ON FEBRUARY 11th the “Eurogroup”—the finance ministers of the 19 countries that use the euro—will meet in Brussels to try to find a way out of the latest phase of the Greek crisis. Just a few months ago Greece seemed to be on the mend. After six years of recession the economy had started to grow and unemployment appeared to have peaked. The government was preparing to conclude the final phase of its second bail-out. What went wrong?

 
Politics, in a word. After a miscalculation by Antonis Samaras, the previous prime minister, the country was forced into a snap election on January 25th. Syriza, a left-wing party fiercely opposed to the austerity that was a condition of the bail-outs, won the vote, entering into coalition with a small group of right-wing nationalists. Many of Greece’s euro-zone partners rashly assumed that once in office Alexis Tsipras, the prime minister, would perform what in Greece is known as a kolotoumba (“somersault”), reversing his campaign pledges. Instead he and his leather-clad finance minister, Yanis Varoufakis, doubled down, suggesting exotic ways to re-engineer Greece’s debt and refusing pleas to extend Greece’s bail-out, which runs out at the end of February. 
 
They have encountered a euro zone unusually united in its opposition. Even countries like France and Italy who might otherwise be sympathetic to Mr Tsipras’s anti-austerity message ruled out debt haircuts, not least because they would lose out themselves. The European Central Bank cut off its main line of support to Greek banks.
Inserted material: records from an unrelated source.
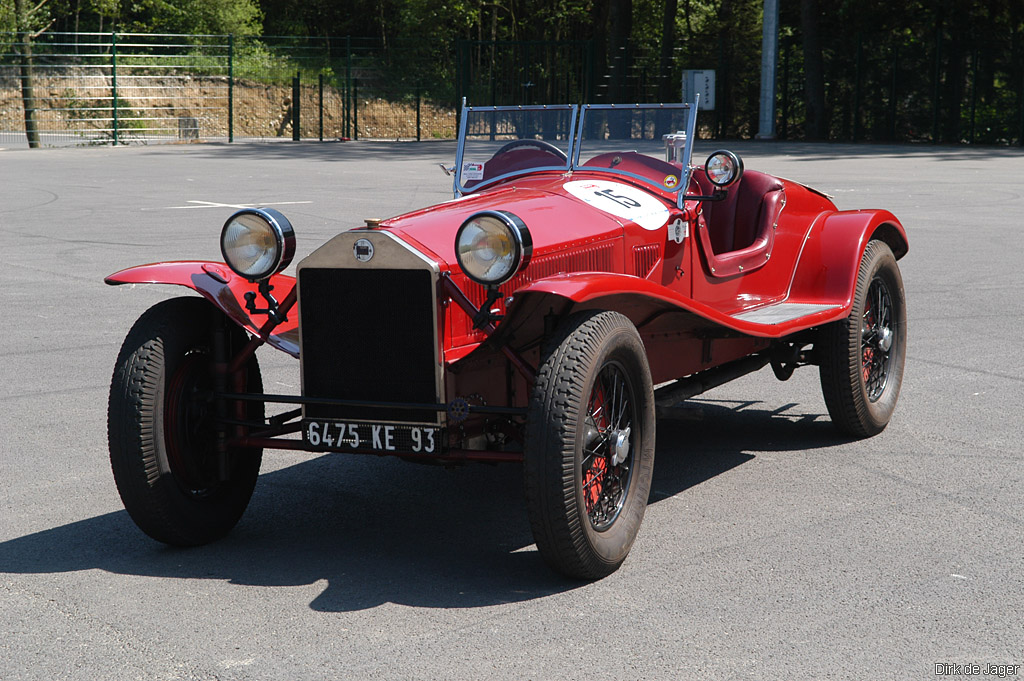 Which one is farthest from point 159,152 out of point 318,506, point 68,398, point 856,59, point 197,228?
point 318,506

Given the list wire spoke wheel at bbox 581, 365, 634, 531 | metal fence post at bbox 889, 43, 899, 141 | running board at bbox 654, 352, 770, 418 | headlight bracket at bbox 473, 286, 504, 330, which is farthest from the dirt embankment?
wire spoke wheel at bbox 581, 365, 634, 531

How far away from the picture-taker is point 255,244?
4363mm

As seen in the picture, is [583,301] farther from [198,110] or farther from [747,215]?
[198,110]

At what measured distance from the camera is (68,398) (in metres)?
6.45

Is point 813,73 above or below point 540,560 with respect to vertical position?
above

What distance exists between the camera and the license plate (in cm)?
400

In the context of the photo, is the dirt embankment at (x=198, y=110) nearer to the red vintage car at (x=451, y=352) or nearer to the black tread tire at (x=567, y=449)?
the red vintage car at (x=451, y=352)

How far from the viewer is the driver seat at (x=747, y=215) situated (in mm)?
5867

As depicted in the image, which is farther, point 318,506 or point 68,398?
point 68,398

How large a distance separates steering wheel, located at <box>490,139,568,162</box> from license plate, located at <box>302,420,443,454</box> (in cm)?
201

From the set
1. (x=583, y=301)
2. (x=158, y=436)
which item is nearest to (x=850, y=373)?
(x=583, y=301)

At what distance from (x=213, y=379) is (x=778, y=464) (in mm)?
2621

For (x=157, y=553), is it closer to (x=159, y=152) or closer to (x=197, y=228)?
(x=197, y=228)

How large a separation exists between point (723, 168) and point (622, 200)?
560mm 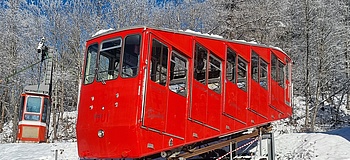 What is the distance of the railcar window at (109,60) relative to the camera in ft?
25.1

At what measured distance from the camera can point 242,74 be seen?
1002 cm

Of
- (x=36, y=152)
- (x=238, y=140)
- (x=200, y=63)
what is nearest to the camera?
(x=200, y=63)

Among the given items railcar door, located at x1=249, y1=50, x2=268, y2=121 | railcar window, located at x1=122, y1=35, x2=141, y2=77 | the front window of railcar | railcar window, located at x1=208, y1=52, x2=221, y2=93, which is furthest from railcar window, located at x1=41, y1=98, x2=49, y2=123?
railcar window, located at x1=122, y1=35, x2=141, y2=77

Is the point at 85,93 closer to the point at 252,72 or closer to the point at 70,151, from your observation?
the point at 252,72

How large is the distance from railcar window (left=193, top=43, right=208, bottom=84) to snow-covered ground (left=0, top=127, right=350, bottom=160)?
176 inches

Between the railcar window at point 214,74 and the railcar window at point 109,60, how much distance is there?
2.44 meters

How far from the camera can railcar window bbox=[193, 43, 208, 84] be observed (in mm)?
8492

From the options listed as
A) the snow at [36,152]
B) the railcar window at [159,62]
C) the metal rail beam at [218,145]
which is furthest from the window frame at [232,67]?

The Germans have taken a particularly tough line: never in a mood to indulge Greek demands, they also fear emboldening Syriza-like populists in other peripheral euro-zone countries like Spain. Moreover, say many officials, the euro zone is much better shape to handle a Greek departure than it was the last time that seemed possible. That strengthens their hand in negotiations.
 
No one wants a so-called “Grexit”. And yet it is becoming harder to make out the parameters of a potential deal. Greece wants permission to issue short-term treasury bills to solve its short-term financing difficulties. But the ECB does not appear minded to allow that if Greece leaves its bail-out. Nor will it release profits worth around €1.9 billion from an earlier bond-buying programme. For their part the Greeks have indicated that they may be open to a further bail-out in a few months’ time, perhaps under a different name and administered by a different group of institutions from the hated “troika” (the European Commission, ECB and IMF). But without a commitment from Greece to deepen structural reforms, that will not fly in Europe. The Eurogroup meeting is unlikely to run smoothly.